Every generation reinvents Lincoln in its own image. He has been variously described as a consummate moralist and a shrewd political operator, a lifelong enemy of slavery and an inveterate racist. The most recent full-scale biography, by David Donald, published in 1995, offered a Lincoln buffeted by forces outside his control, a man of few deep convictions who failed to lead public opinion – rather like Bill Clinton.
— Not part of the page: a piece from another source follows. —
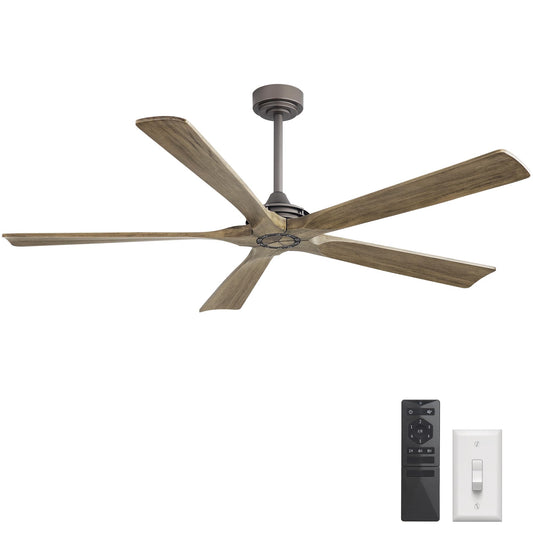 WINGBO 60 Inch Ceiling Fan without Light - 5 Carved Solid Wood Blades, 6-Speed Reversible DC Motor, Noiseless Remote Control Ceiling Fan No Light for Bedroom Living Room Kitchen, Charcoal and Gray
Although conceived before 11 September, both Richard Carwardine and Daniel Farber’s books have at least one eye on the present.

Carwardine focuses on Lincoln’s relationship to different kinds of power – political, military and moral, and the power of public opinion and religious enthusiasm in an overwhelmingly Protestant democracy. (Although feminists have demonstrated that power is an issue in intimate settings too, this is very much a study of Lincoln as a public figure.) Carwardine’s organising theme appears to have been dictated by the title of the series, Profiles in Power, in which the book appears. But it works extremely well. The book offers an insightful, judicious and in some ways original study of Lincoln’s public career.

Where Carwardine breaks new ground is in his treatment of Lincoln’s complicated relationship to evangelical Protestantism. Lincoln came of age during the Second Great Awakening, a prolonged series of religious revivals that reinvigorated and democratised American Christianity, but seems to have been unaffected by these revivals. As a youth, he had a reputation as an ‘infidel’, who read Paine’s Age of Reason and never became a member of a church. But he studied the Bible carefully, and biblical language and cadences suffused his rhetoric.

What little Carwardine says about Lincoln’s religious beliefs is, unavoidably, speculative, but he effectively demonstrates that Lincoln appreciated evangelicism’s political significance. During the 1850s, he worked to mobilise the political activism of those Protestant believers who saw the Republican Party, with its anti-slavery positions and thinly veiled hostility to Catholic immigrants, as the ‘Christian party’ in politics. As President, he frequently met with ministers at the White House and harnessed their vision of the war as a divinely inspired battle between national sin and national redemption. Carwardine shows how brilliantly Lincoln fused appeals to Protestant millennialism and Enlightenment rationalism, to the Bible and the Declaration of Independence, in the Union cause. During the war, he learned to use ‘cadres of mainstream Protestants’ as his ‘ideological shock troops’, and his success in creating powerful public sentiment in support of the war effort contrasted dramatically with the failure of his Confederate counterpart, Jefferson Davis, to mobilise Southern public opinion effectively.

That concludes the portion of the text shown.